For Oliveros, the result “has not been surprising” and the Mexican authorities were able to carry out their financing plan without major setbacks.

Although the recent and unusual decision of the Bank of Japan to raise the reference interest rates from 0% to 0.25% made the operation more expensive.

Most analysts interpreted the placement of Mexican samurai bonds in the Japanese market as a sign of the appetite of investors operating in it for higher-risk assets, such as debt securities from emerging countries like Mexico.
What is Mexico’s financial situation?

Although the issuance of samurai bonds has a marginal weight in Mexico’s total external debt, its fiscal sustainability in the medium term is beginning to be questioned.

According to official data, the federal fiscal deficit will exceed 5% in 2024, its highest level in more than thirty years, which has caused concern among analysts and observers of Mexican reality.

The generous subsidies approved by President Andrés Manuel López Obrador, together with two expensive projects that he has championed, the so-called Mayan Train and the Dos Bocas refinery that the state oil company is building in the state of Tabasco, have significantly increased public spending in recent years.

The recent increase in the deficit breaks the trend of decades of budgetary rigor.

Following the severe financial crises of 1976, 1982 and 1994, successive Mexican governments began to show greater commitment to fiscal balance and the country became one of the most stable in Latin America in macroeconomic terms.
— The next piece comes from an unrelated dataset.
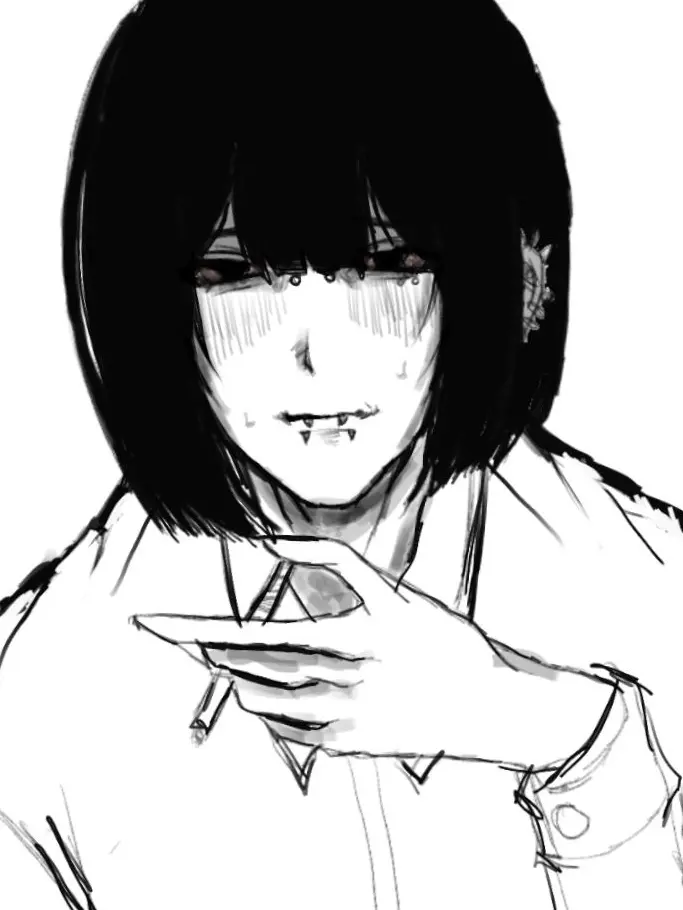 aaa_o의 バ先の先輩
As a result, Mexico’s debt has now risen to 45% of its annual Gross Domestic Product, when the average for countries in the region is around 70%, according to data from the consulting firm Deloitte.

A financial crash is not foreseen in the short term in Mexico. If it were, the country would probably have had much more difficulties in its last issue of samurai bonds.

But there is work to be done to prevent an excessive deficit from consolidating as a formula to finance indebtedness and that leads to greater difficulties.

President-elect Claudia Sheinbaum, who will take office on October 1, has committed to reducing the deficit, but has not given details and it is unknown how she will do so.